Yesterday’s glitch threw Wall Street into one of the biggest blackouts ever experienced, but the outage was reportedly not a cyber attack
The New York Stock Exchange (NYSE) halted trading on Wednesday at 11.30am EST following an apparent technical glitch.
Service did not resume until almost four hours later at 3.10pm EST.
Internal technical issue
Despite worries of a cyberattack, this has been denied by the NYSE itself and the US Department of Homeland Security. An hour after the glitch began, the NYSE Twitter account said: “The issue we are experiencing is an internal technical issue and is not the result of a cyber breach.
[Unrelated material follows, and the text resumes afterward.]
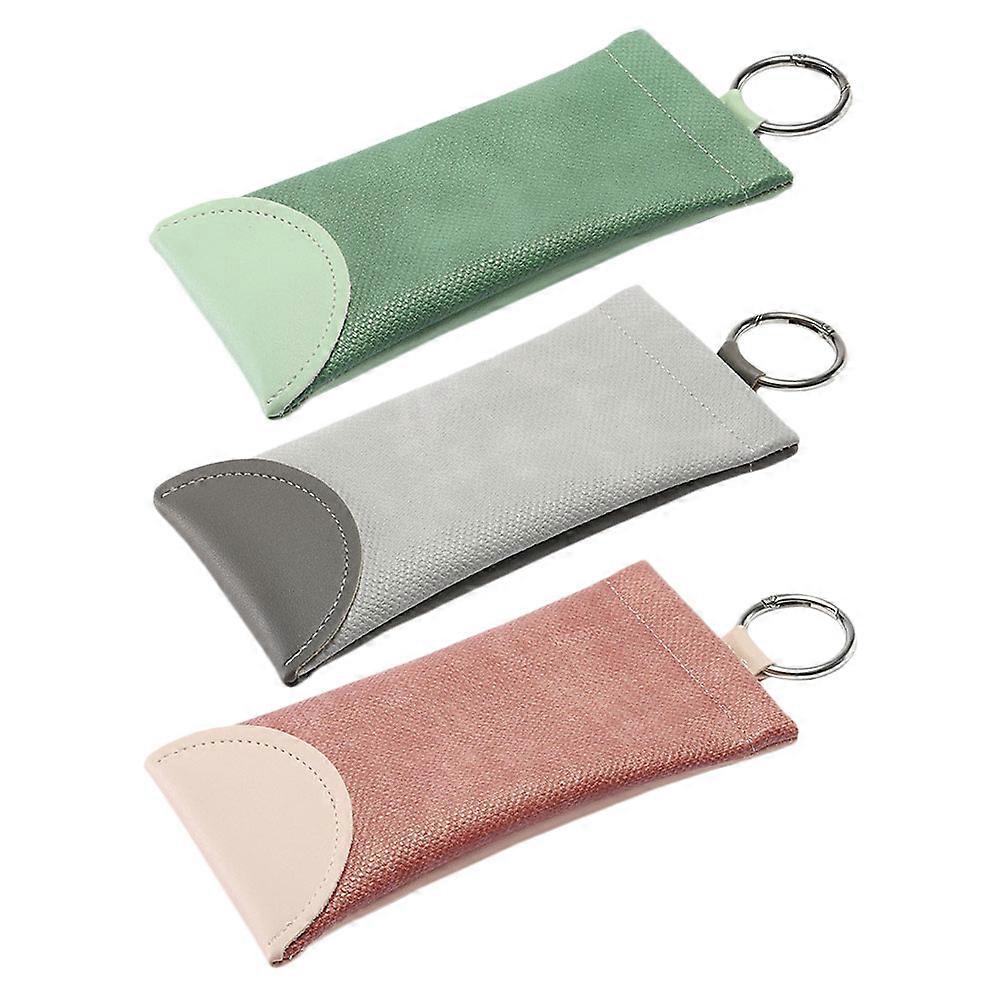 Sunglasses Pouch PU Organizer for Storage 3Pcs Glasses Holder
“We chose to suspend trading on NYSE to avoid problems arising from our technical issue. NYSE-listed securities continue to trade unaffected on other market centers.”
NYSE president Thomas Farley said that the outage was because of a configuration problem that was subsequently fixed.
“I can’t say with precision exactly what drove it,” Farley told CNBC. “We found what was wrong and we fixed what was wrong and we have no evidence whatsoever to suspect that it was external.”
Eric Scott Hunsader, a Wall Street expert who works at data firm Nanex, said that clues to the blackout could be seen early Wednesday morning. Hunsader said that at 8.17am EST, the NYSE alerted traders that there was a technical issue that would affect a small number of stocks because of updates to “exchange gateways”. Gateways are the port traders use to place stock orders.
By 11.20am EST, the NYSE was only operating at 2.6 percent of all trading volume, going down to 2 percent at 11.32am EST. Trading stopped altogether at 11.32 and 57 seconds.
The blackout has been liked that that suffered by Nasdaq in 2013, however, yesterday’s NYSE glitch did not affect trading on other markets.